■ Material provided ■
<<<<

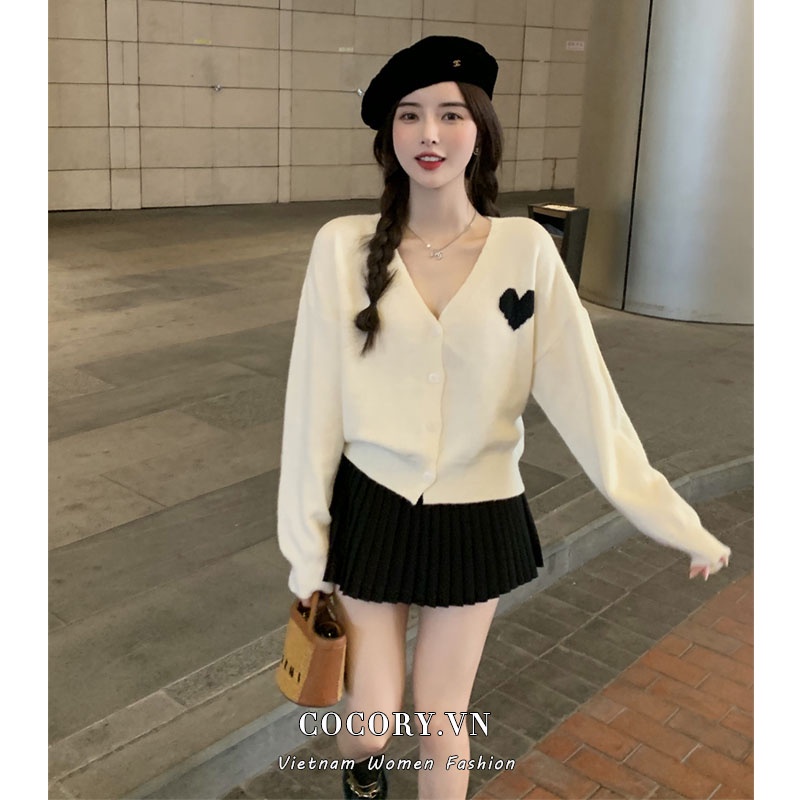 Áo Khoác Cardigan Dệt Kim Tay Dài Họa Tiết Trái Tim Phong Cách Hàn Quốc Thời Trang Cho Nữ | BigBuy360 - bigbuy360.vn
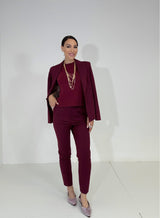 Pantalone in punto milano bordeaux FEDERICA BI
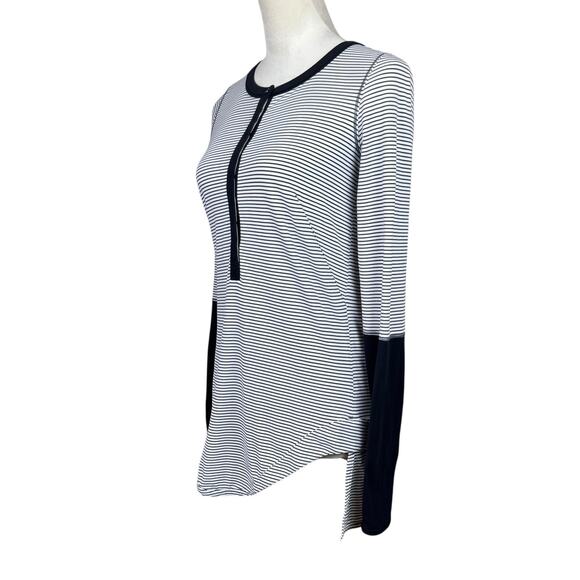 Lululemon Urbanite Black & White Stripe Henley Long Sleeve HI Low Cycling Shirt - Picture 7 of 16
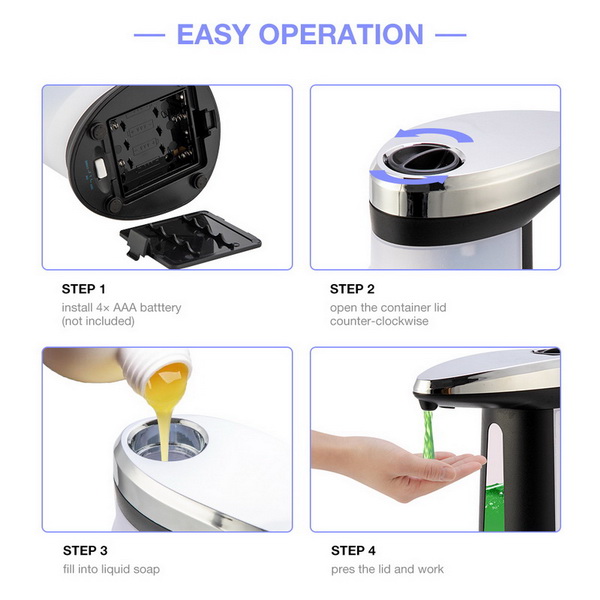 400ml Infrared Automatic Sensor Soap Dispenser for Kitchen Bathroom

>>>>

■ Directions for this task ■
Everything in the material must be duplicated exactly, except the pictures.

■ Reply ■
 Áo Khoác Cardigan Dệt Kim Tay Dài Họa Tiết Trái Tim Phong Cách Hàn Quốc Thời Trang Cho Nữ | BigBuy360 - bigbuy360.vn
 Pantalone in punto milano bordeaux FEDERICA BI
 Lululemon Urbanite Black & White Stripe Henley Long Sleeve HI Low Cycling Shirt - Picture 7 of 16
 400ml Infrared Automatic Sensor Soap Dispenser for Kitchen Bathroom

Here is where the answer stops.